On 8/15/2019 4:12 AM, Toke Høiland-Jørgensen wrote:
Sridhar Samudrala <sridhar.samudrala@xxxxxxxxx> writes:
This patch series introduces XDP_SKIP_BPF flag that can be specified
during the bind() call of an AF_XDP socket to skip calling the BPF
program in the receive path and pass the buffer directly to the socket.
When a single AF_XDP socket is associated with a queue and a HW
filter is used to redirect the packets and the app is interested in
receiving all the packets on that queue, we don't need an additional
BPF program to do further filtering or lookup/redirect to a socket.
Here are some performance numbers collected on
- 2 socket 28 core Intel(R) Xeon(R) Platinum 8180 CPU @ 2.50GHz
- Intel 40Gb Ethernet NIC (i40e)
All tests use 2 cores and the results are in Mpps.
turbo on (default)
---------------------------------------------
no-skip-bpf skip-bpf
---------------------------------------------
rxdrop zerocopy 21.9 38.5
l2fwd zerocopy 17.0 20.5
rxdrop copy 11.1 13.3
l2fwd copy 1.9 2.0
no turbo : echo 1 > /sys/devices/system/cpu/intel_pstate/no_turbo
---------------------------------------------
no-skip-bpf skip-bpf
---------------------------------------------
rxdrop zerocopy 15.4 29.0
l2fwd zerocopy 11.8 18.2
rxdrop copy 8.2 10.5
l2fwd copy 1.7 1.7
---------------------------------------------
You're getting this performance boost by adding more code in the fast
path for every XDP program; so what's the performance impact of that for
cases where we do run an eBPF program?
The no-skip-bpf results are pretty close to what i see before the
patches are applied.

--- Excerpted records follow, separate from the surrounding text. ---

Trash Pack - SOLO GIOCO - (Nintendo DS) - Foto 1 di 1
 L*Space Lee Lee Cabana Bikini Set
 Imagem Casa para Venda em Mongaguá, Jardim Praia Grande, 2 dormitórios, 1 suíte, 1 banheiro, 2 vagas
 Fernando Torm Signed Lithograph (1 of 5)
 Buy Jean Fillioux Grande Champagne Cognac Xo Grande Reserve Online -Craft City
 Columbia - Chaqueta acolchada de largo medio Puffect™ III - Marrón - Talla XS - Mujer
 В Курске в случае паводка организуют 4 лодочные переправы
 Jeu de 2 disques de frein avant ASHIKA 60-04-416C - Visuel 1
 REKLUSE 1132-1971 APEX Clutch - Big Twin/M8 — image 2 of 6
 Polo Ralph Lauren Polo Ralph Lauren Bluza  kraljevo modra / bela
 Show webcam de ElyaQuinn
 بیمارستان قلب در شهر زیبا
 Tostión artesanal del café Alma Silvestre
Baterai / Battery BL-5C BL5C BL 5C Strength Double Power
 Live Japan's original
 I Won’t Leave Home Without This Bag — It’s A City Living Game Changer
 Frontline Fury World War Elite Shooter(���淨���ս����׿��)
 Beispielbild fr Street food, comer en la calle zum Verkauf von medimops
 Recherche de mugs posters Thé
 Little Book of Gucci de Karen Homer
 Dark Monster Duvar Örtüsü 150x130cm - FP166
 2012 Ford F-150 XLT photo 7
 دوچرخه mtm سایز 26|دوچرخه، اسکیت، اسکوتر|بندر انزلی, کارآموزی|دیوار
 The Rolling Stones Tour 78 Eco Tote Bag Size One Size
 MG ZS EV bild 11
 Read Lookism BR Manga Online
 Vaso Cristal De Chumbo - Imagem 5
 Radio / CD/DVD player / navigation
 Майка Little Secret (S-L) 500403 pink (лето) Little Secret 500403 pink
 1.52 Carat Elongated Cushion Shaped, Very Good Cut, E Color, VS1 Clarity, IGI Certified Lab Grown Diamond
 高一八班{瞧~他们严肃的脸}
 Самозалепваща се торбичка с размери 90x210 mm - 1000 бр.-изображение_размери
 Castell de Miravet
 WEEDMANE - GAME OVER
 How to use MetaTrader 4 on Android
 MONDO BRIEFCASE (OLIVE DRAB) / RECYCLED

As umem is cached in rx_ring for zerocopy the
overhead is much smaller compared to the copy scenario where i am
currently calling xdp_get_umem_from_qid().
Also, this is basically a special-casing of a particular deployment
scenario. Without a way to control RX queue assignment and traffic
steering, you're basically hard-coding a particular app's takeover of
the network interface; I'm not sure that is such a good idea...
Yes. This is mainly targeted for application that create 1 AF_XDP socket
per RX queue and can use a HW filter (via ethtool or TC flower) to
redirect the packets to a queue or a group of queues.
-Toke